Texas Tragedy, Part 2
Most staff meetings have a certain level of tension. Someone didn't do a report. The boss has some unpopular news to deliver. You end up sitting beside the one team member you really don't like. Well, what I'm going to describe takes tension to a whole new level.
We were in a discussion about mental health on campus, and the topic of school shooters came up. Working at a University, we understand that these are times when young people are growing, developing, and are experiencing new levels of freedom. When all of that is mixed with access to firearms and weapons, we have to be prepared for violence on campus. One of my work responsibilities was sitting on the "Emergency Operations Team" and we did table top exercises to get ready for possible emergencies like campus shooters.
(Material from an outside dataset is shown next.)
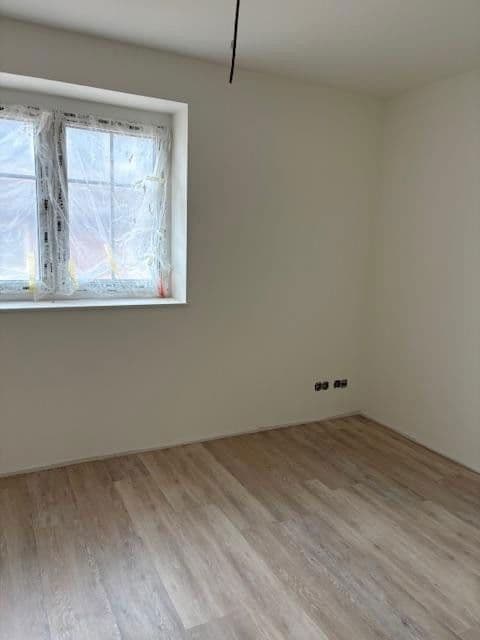 Prenájom bytu 3-izbový 88 m², Hauptstr. 6, Brackel, Dolné Sasko Prenájom bytu 3-izbový 88 m², Hauptstr. 6, Brackel, Dolné Sasko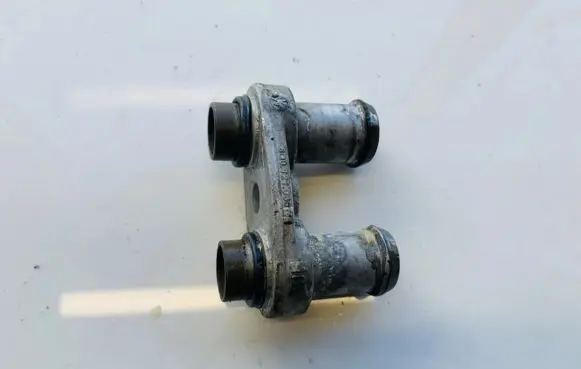 Volkswagen Fox Engine coolant pipe/hose 6q0121065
During our meeting, one of our colleagues, let's call her Amy, stated that while there are many factors around mass shooters, the common thread in most (not all cases) is that they are white men. After a quick bit of nervous energy, another colleague, let's call her Susan, shifted the attention to other factors. Not satisfied with this, Amy repeated herself and made it apparent that she wasn't going to let this go. This tennis match went on for quite some while until ultimately Amy said she was getting upset because we were overlooking the obvious reality...and then she got up and left.
While those moments were terribly awkward...I believe Amy had a point. These are just a few people that have completed mass shootings in America. There are plenty missing; however, the fact remains that many of them are. In regards to the shooter at the Texas school, we have another white male behind the trigger. Are we avoiding a problem by ignoring this seemingly obvious fact?